电梯叮的一声,吐出我这个如鬼魅的未眠人,但鬼魅没有我这汹涌的汗与热血,没有我立在门前忽然情怯的心忧。我这般匆匆赶,很不祥,不知赶上什么,是悲是欣,是盛大丰盈,还是空空如也?
我摸出锁匙,静静旋开门,抬手点开灯。
似推理小说终一刻见着了谜底,我却呆了,愕然眼前的镜头,异峰突起,急转直下,谁构思的?!

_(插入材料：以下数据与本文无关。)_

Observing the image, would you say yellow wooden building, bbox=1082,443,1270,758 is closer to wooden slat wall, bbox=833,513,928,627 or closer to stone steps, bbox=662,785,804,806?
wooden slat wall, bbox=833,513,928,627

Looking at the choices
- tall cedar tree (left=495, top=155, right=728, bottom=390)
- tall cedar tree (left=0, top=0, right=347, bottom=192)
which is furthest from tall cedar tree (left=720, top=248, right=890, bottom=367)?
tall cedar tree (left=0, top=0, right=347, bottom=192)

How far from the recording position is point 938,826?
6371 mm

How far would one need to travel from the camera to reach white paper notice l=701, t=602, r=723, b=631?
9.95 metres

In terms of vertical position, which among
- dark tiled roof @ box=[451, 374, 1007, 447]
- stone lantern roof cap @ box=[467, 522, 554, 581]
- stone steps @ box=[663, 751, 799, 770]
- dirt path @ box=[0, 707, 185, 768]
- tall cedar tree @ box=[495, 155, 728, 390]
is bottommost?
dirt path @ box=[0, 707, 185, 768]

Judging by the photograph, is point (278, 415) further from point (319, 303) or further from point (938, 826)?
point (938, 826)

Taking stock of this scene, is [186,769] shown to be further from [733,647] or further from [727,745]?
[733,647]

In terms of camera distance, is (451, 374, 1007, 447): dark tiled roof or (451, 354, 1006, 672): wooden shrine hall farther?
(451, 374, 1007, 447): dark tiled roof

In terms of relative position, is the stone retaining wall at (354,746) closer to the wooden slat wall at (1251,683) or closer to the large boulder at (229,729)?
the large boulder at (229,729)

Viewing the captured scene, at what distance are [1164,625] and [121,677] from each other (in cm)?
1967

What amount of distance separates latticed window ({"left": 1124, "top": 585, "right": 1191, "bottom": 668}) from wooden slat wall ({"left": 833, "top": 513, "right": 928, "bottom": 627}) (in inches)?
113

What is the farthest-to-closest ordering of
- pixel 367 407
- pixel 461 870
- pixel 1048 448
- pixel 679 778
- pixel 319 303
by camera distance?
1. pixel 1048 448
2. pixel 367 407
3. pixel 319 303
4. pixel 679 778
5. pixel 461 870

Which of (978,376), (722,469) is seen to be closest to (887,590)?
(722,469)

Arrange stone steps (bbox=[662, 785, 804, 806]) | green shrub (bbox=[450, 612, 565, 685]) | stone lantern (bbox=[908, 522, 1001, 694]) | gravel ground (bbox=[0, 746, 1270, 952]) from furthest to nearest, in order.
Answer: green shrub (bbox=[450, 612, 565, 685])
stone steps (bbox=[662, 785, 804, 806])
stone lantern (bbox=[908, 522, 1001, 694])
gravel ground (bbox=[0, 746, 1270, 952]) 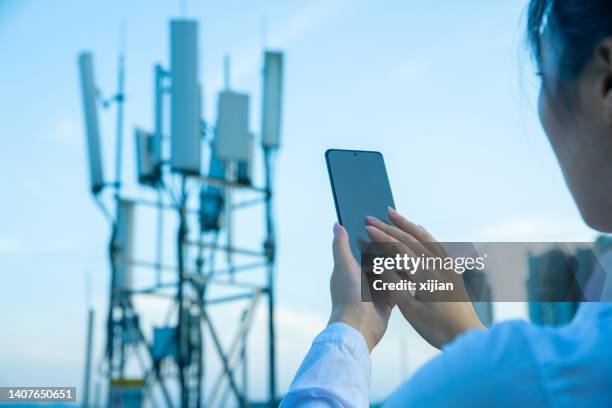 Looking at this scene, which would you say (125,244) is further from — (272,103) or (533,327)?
(533,327)

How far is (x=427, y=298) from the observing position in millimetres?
905

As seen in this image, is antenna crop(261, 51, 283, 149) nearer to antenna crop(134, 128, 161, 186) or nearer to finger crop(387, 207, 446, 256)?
antenna crop(134, 128, 161, 186)

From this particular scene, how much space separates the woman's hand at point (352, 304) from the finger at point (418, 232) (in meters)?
0.08

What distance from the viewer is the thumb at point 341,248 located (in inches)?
39.0

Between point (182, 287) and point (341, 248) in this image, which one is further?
point (182, 287)

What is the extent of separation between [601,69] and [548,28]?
0.12 meters

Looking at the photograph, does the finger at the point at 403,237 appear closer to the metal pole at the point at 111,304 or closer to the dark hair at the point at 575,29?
the dark hair at the point at 575,29

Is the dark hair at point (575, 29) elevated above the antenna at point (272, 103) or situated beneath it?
situated beneath

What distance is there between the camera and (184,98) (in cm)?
1015

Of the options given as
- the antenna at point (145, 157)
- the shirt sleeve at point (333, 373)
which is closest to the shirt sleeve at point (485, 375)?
the shirt sleeve at point (333, 373)

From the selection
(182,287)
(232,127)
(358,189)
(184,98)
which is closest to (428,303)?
(358,189)

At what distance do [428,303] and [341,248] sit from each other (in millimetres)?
161

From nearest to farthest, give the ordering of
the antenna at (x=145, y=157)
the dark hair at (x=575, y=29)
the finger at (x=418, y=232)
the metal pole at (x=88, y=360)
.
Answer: the dark hair at (x=575, y=29)
the finger at (x=418, y=232)
the metal pole at (x=88, y=360)
the antenna at (x=145, y=157)

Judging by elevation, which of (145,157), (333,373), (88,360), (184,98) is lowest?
(88,360) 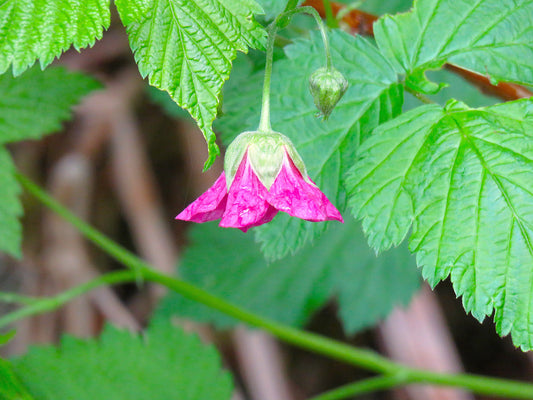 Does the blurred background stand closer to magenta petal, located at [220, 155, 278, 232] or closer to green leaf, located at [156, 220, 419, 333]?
green leaf, located at [156, 220, 419, 333]

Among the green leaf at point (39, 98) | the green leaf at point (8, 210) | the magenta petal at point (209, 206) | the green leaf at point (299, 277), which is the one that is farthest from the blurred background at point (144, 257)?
the magenta petal at point (209, 206)

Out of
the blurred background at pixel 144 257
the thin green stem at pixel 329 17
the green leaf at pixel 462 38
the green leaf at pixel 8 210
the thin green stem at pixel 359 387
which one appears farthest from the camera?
the blurred background at pixel 144 257

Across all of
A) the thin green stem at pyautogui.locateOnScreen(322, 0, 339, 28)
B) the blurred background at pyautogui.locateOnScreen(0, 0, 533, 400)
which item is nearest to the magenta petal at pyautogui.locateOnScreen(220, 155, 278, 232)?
the thin green stem at pyautogui.locateOnScreen(322, 0, 339, 28)

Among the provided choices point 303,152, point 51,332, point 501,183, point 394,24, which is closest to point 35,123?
point 303,152

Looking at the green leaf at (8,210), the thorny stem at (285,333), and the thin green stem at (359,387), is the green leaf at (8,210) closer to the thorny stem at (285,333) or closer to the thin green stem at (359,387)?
the thorny stem at (285,333)

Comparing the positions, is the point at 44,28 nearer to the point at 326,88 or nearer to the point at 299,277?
the point at 326,88

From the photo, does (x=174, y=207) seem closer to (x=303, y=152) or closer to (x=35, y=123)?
(x=35, y=123) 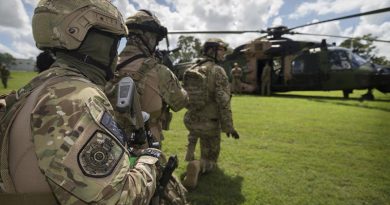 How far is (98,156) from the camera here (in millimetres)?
1424

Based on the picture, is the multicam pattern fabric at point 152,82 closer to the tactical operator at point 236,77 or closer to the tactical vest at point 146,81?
the tactical vest at point 146,81

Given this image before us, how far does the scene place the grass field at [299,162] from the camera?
454cm

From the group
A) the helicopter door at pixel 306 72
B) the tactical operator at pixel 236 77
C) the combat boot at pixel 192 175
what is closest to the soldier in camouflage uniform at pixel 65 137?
the combat boot at pixel 192 175

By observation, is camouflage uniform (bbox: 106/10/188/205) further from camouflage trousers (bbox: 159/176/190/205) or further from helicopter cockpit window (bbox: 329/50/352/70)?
helicopter cockpit window (bbox: 329/50/352/70)

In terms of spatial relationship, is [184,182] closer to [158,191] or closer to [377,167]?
[158,191]

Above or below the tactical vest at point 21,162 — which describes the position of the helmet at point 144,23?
A: above

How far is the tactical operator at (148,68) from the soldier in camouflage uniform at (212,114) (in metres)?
1.70

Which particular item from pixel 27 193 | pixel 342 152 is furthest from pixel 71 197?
pixel 342 152

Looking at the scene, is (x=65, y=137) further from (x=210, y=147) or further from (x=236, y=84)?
(x=236, y=84)

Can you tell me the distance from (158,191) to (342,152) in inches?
211

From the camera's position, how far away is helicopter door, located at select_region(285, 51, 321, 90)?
51.5 feet

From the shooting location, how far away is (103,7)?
5.90ft

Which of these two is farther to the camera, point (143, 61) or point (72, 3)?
point (143, 61)

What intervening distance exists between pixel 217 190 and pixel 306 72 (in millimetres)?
12565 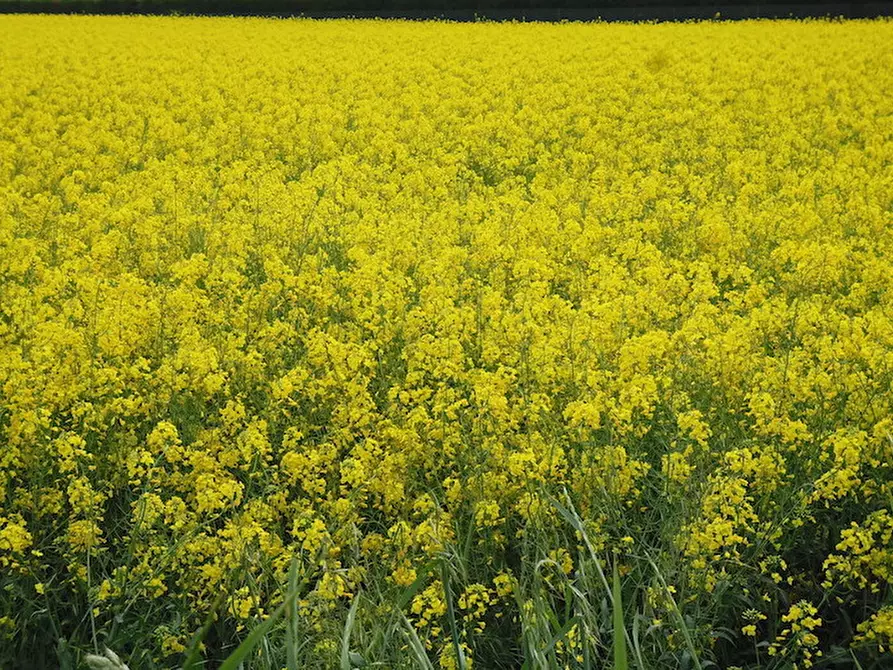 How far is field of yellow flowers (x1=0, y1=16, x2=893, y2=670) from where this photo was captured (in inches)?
128

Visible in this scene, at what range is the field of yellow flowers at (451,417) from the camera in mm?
3244

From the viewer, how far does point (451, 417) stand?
3920mm

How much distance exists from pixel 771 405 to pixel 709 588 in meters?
0.94

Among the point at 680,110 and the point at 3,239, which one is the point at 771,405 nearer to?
the point at 3,239

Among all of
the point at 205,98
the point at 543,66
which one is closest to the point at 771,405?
the point at 205,98

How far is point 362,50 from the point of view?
63.9 ft

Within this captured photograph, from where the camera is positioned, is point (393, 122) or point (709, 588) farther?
point (393, 122)

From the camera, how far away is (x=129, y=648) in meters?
3.40

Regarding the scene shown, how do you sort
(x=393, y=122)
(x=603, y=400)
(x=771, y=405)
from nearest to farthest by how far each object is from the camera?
(x=771, y=405) < (x=603, y=400) < (x=393, y=122)

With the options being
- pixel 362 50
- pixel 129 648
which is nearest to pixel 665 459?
pixel 129 648

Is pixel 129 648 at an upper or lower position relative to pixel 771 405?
lower

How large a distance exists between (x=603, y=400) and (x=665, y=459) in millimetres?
644

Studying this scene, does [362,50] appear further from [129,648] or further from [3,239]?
[129,648]

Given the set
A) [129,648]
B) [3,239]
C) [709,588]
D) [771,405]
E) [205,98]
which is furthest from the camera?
[205,98] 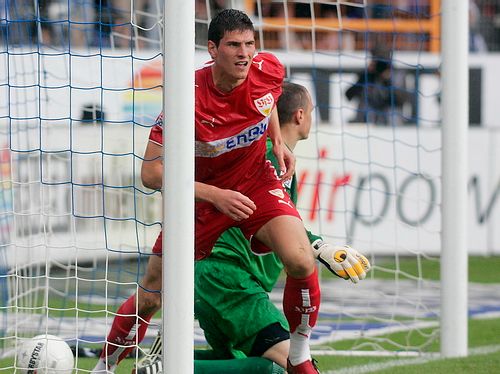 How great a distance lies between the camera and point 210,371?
5.89 metres

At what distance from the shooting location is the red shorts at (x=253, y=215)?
5645 mm

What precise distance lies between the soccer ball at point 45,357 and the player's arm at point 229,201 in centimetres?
122

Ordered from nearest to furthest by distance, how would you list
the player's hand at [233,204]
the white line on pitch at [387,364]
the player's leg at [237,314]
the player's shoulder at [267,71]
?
the player's hand at [233,204]
the player's shoulder at [267,71]
the player's leg at [237,314]
the white line on pitch at [387,364]

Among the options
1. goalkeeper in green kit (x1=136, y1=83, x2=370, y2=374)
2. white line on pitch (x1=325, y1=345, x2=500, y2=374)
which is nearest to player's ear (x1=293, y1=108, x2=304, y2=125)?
goalkeeper in green kit (x1=136, y1=83, x2=370, y2=374)

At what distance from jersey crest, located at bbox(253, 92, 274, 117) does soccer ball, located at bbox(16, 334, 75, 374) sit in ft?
5.22

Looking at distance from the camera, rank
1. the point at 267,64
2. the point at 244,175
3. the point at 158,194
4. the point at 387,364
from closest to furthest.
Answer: the point at 244,175 < the point at 267,64 < the point at 387,364 < the point at 158,194

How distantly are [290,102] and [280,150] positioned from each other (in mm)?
435

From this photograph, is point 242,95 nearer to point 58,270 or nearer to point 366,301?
point 366,301

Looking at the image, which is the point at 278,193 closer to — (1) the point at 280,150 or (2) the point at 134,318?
(1) the point at 280,150

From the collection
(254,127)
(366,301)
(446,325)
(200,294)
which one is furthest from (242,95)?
(366,301)

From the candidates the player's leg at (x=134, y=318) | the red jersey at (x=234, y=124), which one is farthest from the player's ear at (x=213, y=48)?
the player's leg at (x=134, y=318)

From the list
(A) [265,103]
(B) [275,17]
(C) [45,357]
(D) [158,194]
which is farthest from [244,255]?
(B) [275,17]

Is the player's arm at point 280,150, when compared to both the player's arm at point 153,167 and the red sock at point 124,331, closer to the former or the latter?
the player's arm at point 153,167

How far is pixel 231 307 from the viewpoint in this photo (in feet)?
19.9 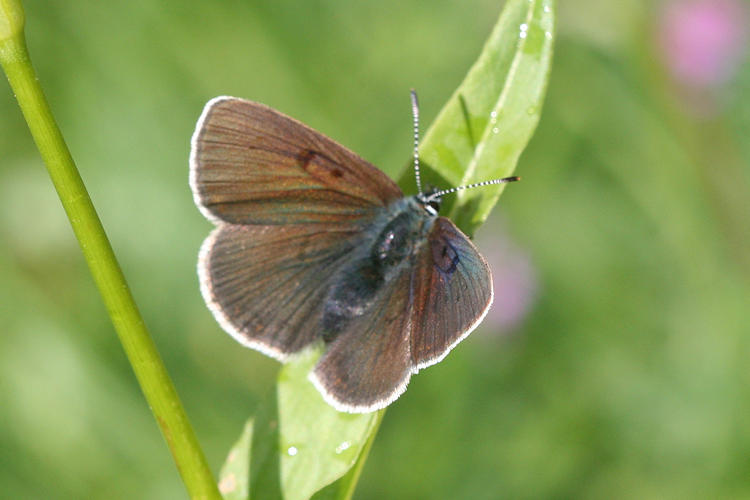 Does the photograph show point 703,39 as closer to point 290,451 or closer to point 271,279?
point 271,279

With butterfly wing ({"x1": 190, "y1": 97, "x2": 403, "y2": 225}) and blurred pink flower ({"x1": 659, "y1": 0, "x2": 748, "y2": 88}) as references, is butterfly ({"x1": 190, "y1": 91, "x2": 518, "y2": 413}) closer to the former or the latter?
butterfly wing ({"x1": 190, "y1": 97, "x2": 403, "y2": 225})

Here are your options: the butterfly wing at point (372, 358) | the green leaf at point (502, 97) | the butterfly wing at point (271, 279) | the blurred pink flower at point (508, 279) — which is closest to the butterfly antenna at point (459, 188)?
the green leaf at point (502, 97)

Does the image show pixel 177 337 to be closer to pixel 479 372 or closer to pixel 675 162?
pixel 479 372

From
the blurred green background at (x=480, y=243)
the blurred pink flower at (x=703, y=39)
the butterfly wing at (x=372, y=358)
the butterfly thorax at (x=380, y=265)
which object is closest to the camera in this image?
the butterfly wing at (x=372, y=358)

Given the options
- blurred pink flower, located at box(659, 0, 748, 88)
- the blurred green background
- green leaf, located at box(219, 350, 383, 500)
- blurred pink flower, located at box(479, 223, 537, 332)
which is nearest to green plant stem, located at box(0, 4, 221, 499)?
green leaf, located at box(219, 350, 383, 500)

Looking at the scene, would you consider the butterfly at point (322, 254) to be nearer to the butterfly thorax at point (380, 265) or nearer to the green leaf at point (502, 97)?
the butterfly thorax at point (380, 265)

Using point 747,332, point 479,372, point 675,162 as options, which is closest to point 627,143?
point 675,162

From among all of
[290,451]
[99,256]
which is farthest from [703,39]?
[99,256] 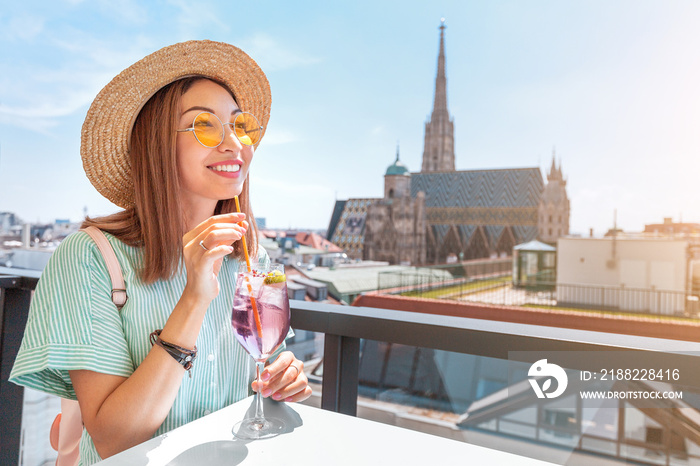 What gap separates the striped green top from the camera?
0.46m

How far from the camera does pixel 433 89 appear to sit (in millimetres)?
37156

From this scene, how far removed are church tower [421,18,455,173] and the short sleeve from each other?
36092 mm

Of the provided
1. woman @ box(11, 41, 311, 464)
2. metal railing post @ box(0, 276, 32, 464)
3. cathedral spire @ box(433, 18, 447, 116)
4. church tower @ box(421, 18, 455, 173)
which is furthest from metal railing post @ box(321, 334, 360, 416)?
cathedral spire @ box(433, 18, 447, 116)

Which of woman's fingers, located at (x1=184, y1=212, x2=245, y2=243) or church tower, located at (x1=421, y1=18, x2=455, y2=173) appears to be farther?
A: church tower, located at (x1=421, y1=18, x2=455, y2=173)

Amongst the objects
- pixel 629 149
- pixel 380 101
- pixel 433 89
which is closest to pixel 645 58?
pixel 629 149

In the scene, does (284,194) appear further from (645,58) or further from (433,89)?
(645,58)

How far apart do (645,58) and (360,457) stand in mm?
43015

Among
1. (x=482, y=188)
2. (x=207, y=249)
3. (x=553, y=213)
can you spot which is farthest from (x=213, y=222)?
(x=482, y=188)

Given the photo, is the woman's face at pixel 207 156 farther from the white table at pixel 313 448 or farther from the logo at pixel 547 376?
the logo at pixel 547 376

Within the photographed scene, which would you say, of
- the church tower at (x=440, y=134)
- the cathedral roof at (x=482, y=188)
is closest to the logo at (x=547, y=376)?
the cathedral roof at (x=482, y=188)

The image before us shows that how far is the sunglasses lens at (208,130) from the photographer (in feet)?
1.91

那韦海发与杨存宇——这个我立定心意要投奔的人,双双,对,是双双睡于我的床。韦海发那一头丰盛喧闹的发,正惊心动魄,如翻滚的浪,汹涌凌乱跌落于被单之上。一只白臂斜斜迈出,如一条诡异的枝蔓,绕上他的颈。嘿嘿,如何形容才妙?这清辉玉臂,这佳人绝色,这双宿双栖!
我心下沉,血上涌,口中发出喑哑嘶鸣。或许我以为我是在歇斯底里叫喊了,但实际我没有,我嗓干涸,气堵喉噎,脑火噼啪乱闪,思与想皆在那一刻定格短路,竟能无言。
只连连心呼:哦,太坏了,这么坏,真非常的坏,不该如此,世事滑稽——何时开始,在何处起承转合,当中几番步骤,怎样便走到今天田地了?我竟浑然不觉。我一向不在走运列,但不该糟糕至此。太没意思。
此时那二人亦惊起了,仿佛比我更有资格诧异似的,四目直直投向我,那杨存宇面上不是没有点慌乱间的尴尬狼狈与愧色,而韦海发,瞳中轻轻逸起一丝狡黠,倏而即逝,但其实,我已明白她的满意了。
不过又是一出她的戏,她苦心孤诣来导,她全力倾情出演,她品尝个中得意滋味。
只是地点不对,人物亦大错特错了。
一时间,我便齐齐失去两名身边人。——这两个人。我曾最信爱。这两个人,却来睡着我的床,盖我的被,于我不在的时候,在我的枕上,说着亲爱。
我铁一张脸,此时该暴怒,还是冷眼?
最后,只选择拂袖,合门静静让出。凭气血,努力收拾,最后一点尊严。
我谨慎签下一处房子。和式的睡房,洋式的厨与厅,小小,只得十四叠榻榻米,但五脏俱全,适宜独居。我不擅做戏,扮不来这破烂下作的情节。干脆搬出这间House,省大家的心。不然同门里进出,抬头低头,还三番五次遇见,未免太难看,不如避一避,是非之地不宜久留。
我之生,忽而脱轨,乱了章节。曾经喧腾转至今朝静暗。我日出而作,日落而息,殷勤打点功课,小心门户,注意饮食,有理起居。
我固执将重帘深锁,扑灭心头最后一堆余烬,无视日头细细密密、轻轻浅浅在帘上打底,编织日子的网格——仿似温馨,实则颓败。